** PROVIDED MATERIAL follows **

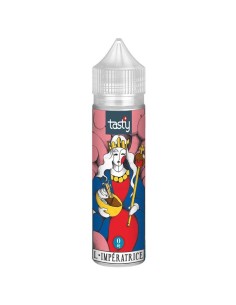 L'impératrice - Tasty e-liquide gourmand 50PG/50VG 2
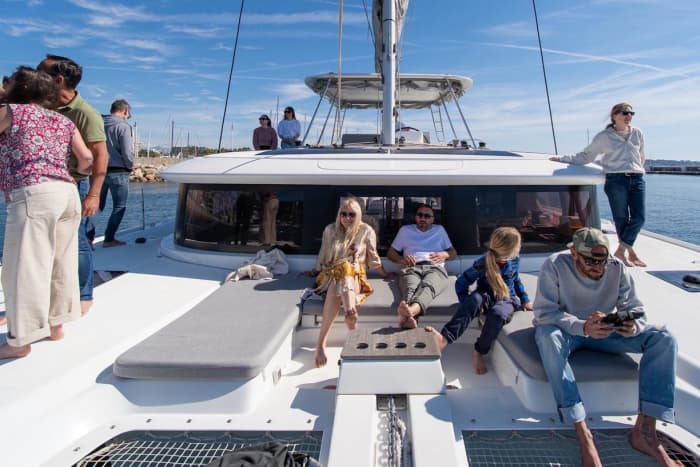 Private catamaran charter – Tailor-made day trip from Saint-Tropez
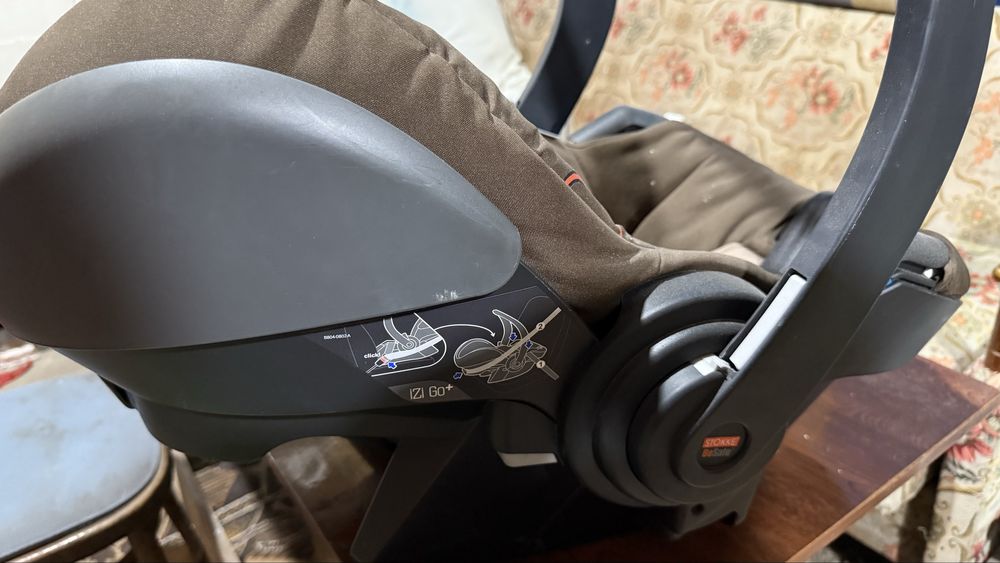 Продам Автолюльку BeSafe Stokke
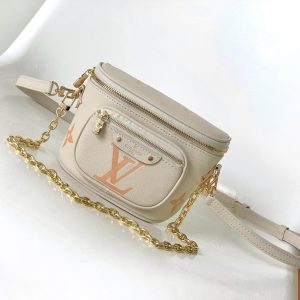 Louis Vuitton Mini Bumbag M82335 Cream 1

** End of PROVIDED MATERIAL **

» WHAT NEEDS TO BE DONE: Please retype the listing exactly, leaving out any images.

» TASK ANSWER:
 L'impératrice - Tasty e-liquide gourmand 50PG/50VG 2
 Private catamaran charter – Tailor-made day trip from Saint-Tropez
 Продам Автолюльку BeSafe Stokke
 Louis Vuitton Mini Bumbag M82335 Cream 1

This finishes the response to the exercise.